Repeat only the lines from the one that contains "Snapshot of Julieta_Wall_" through the final line of the listing below, exactly, please, without pictures.

**DATA BELOW**
++++++

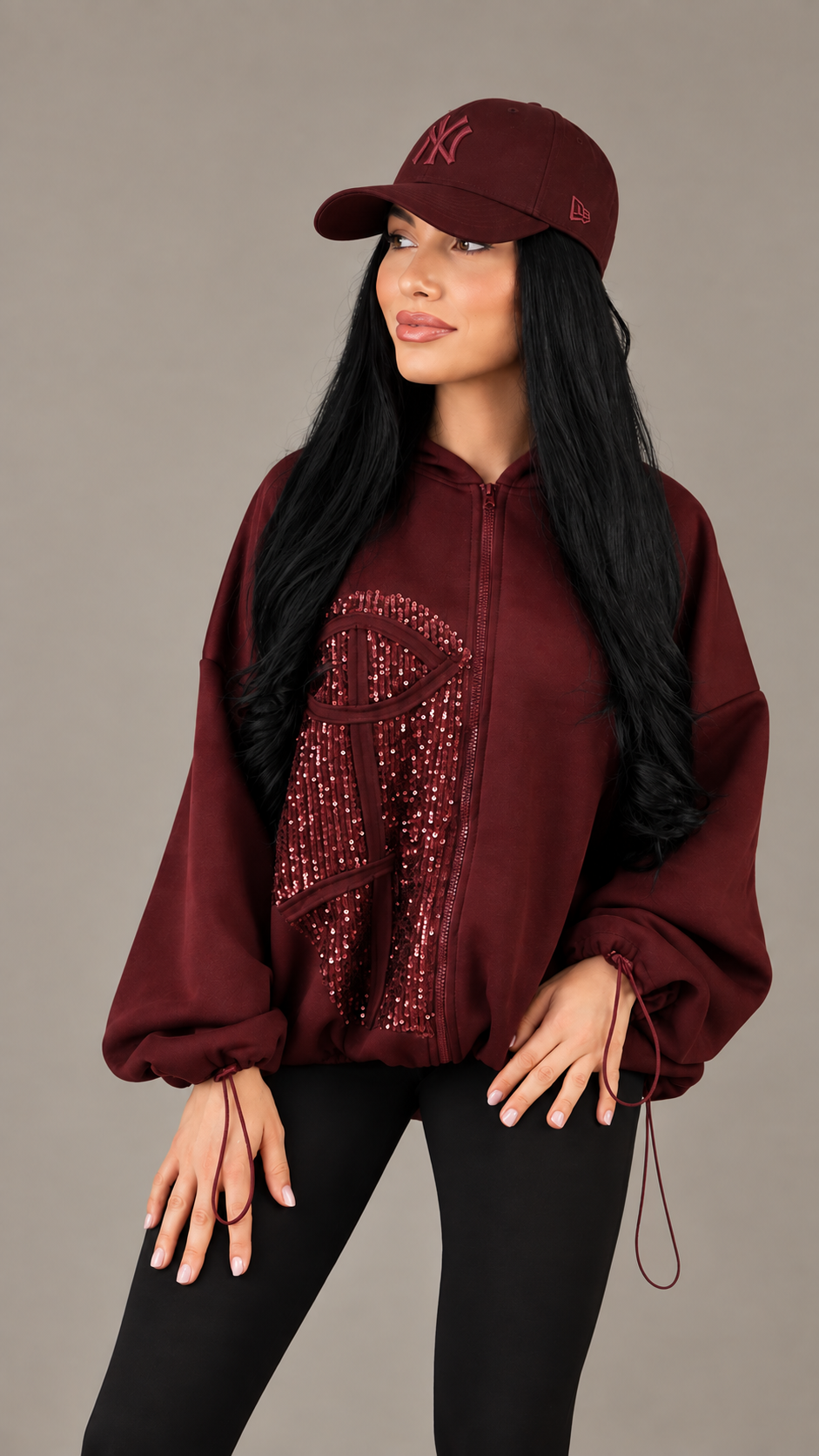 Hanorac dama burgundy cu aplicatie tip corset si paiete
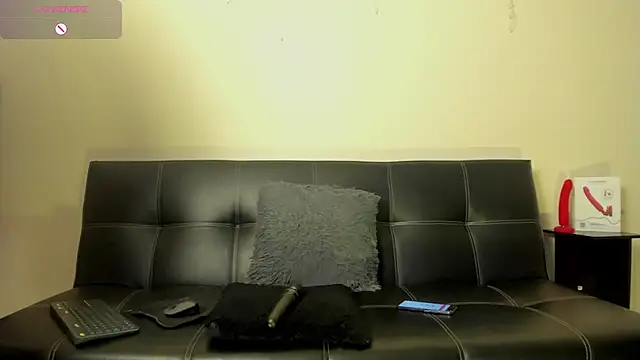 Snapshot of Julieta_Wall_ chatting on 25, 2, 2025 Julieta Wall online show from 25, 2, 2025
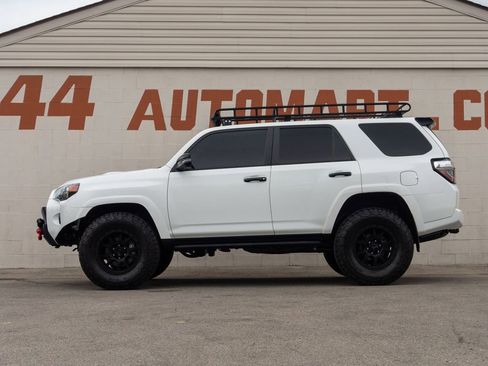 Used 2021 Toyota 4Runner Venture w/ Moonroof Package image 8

++++++

**SOLUTION TO THIS PROBLEM**
 Snapshot of Julieta_Wall_ chatting on 25, 2, 2025 Julieta Wall online show from 25, 2, 2025
 Used 2021 Toyota 4Runner Venture w/ Moonroof Package image 8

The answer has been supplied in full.